There’s the traditional way: 6 a.m. flight, middle seat, boarding group C. Maybe a sprint through Atlanta before a rental car line that tests your character. You land a little tired, a little wired, fully in it.
Others treat it like a road trip. Windows down, group chat firing, someone insisting on a Buc-ee’s stop that turns into 45 minutes. You roll into Augusta feeling like you earned it.
And then… there’s the other version.
This year, three of our team members traveled to Augusta with Wheels Up...private.

Images Courtesy of Wheels Up
"I'm constantly on the road traveling for work and had never flown private before. Flying with Wheels Up might have ruined flying for me," Nicole Rae, Senior Director of Social Media for Pro Shop said.
"Every detail about our journey was elevated and luxurious. Walking straight from the car to the plane steps then being in the air within ten minutes was the most stress free travel experience I've ever had.
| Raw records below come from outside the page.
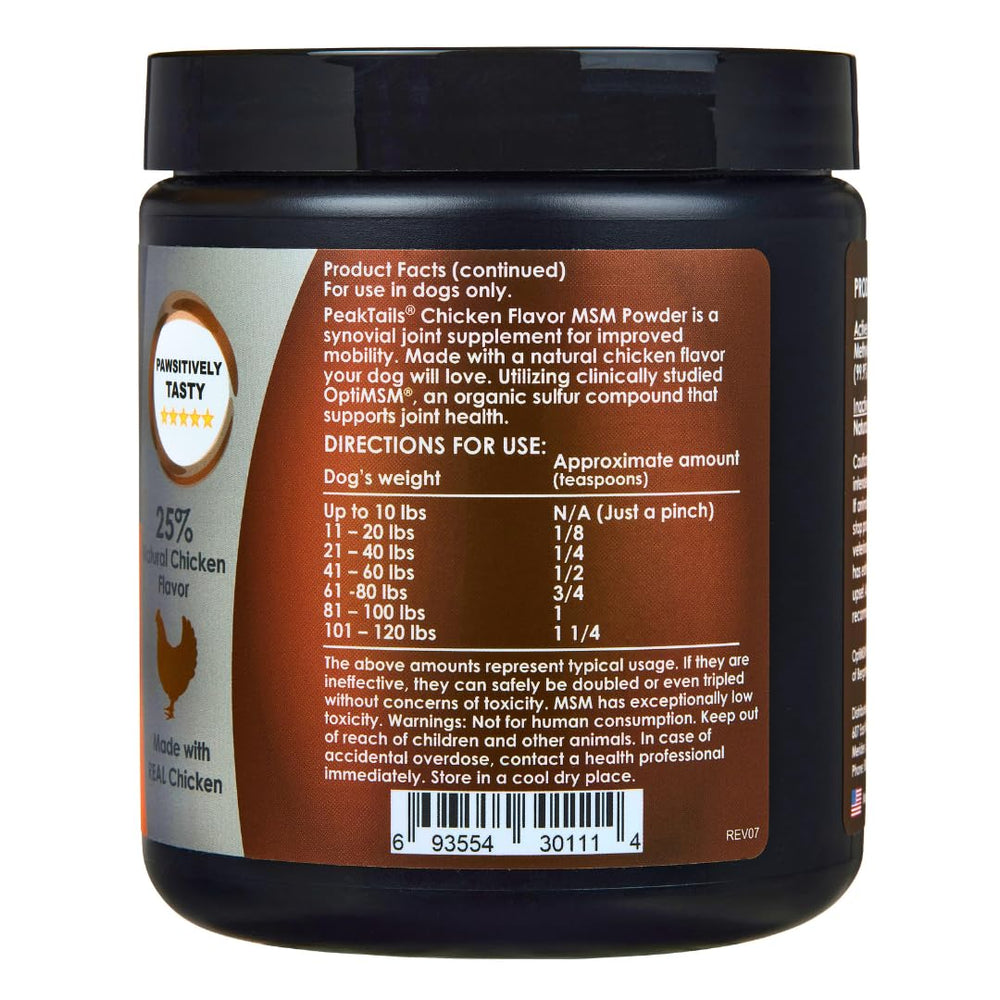 KALA HEALTH PeakTails MSM pur – sans additifs, formulation naturelle pour chien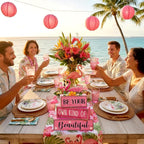 Lineshading 4 Pcs Summer Table Decor Wooden Pink Flamingo Tropical Tiered Tray Decor Pink Summer Centerpieces Rustic Wood Flamingo Block Signs for Home Kitchen Office Decorations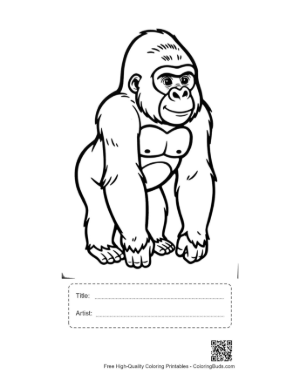 Thumbnail: Cheerful Cartoon Gorilla Standing Proudly Printable with Title and Artist Box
And a VIP ride from the tarmac directly to the Wheels Up Clubhouse in Augusta set the entire tone for our week at the Masters."
No lines. No delays. Just a small group, a quiet cabin, and actual uninterrupted time—something that’s pretty rare this week.
Because usually the Masters starts before you even get there. You’re already checking tee times, already thinking about coverage, already a step behind. This time, they weren’t.
They were just… on the way.
“Going to the Masters is already a dream. I’ve been lucky enough to go three times. I didn’t think it could get better, but then the trip down became an experience of its own," Nate Scherotter, Head of Commerce at Pro Shop, said. "Traveling with Wheels Up was easily the best way to kick off the most incredible week in golf."
The team was picked up in Manhattan at 8:30 AM, met the pilots at the airport around 9:30 AM for a brief check-in before hitting the skies around 10:00 AM. They would have been wheels up slightly earlier but took a few moments to snap some photos to remember the bucket list experience.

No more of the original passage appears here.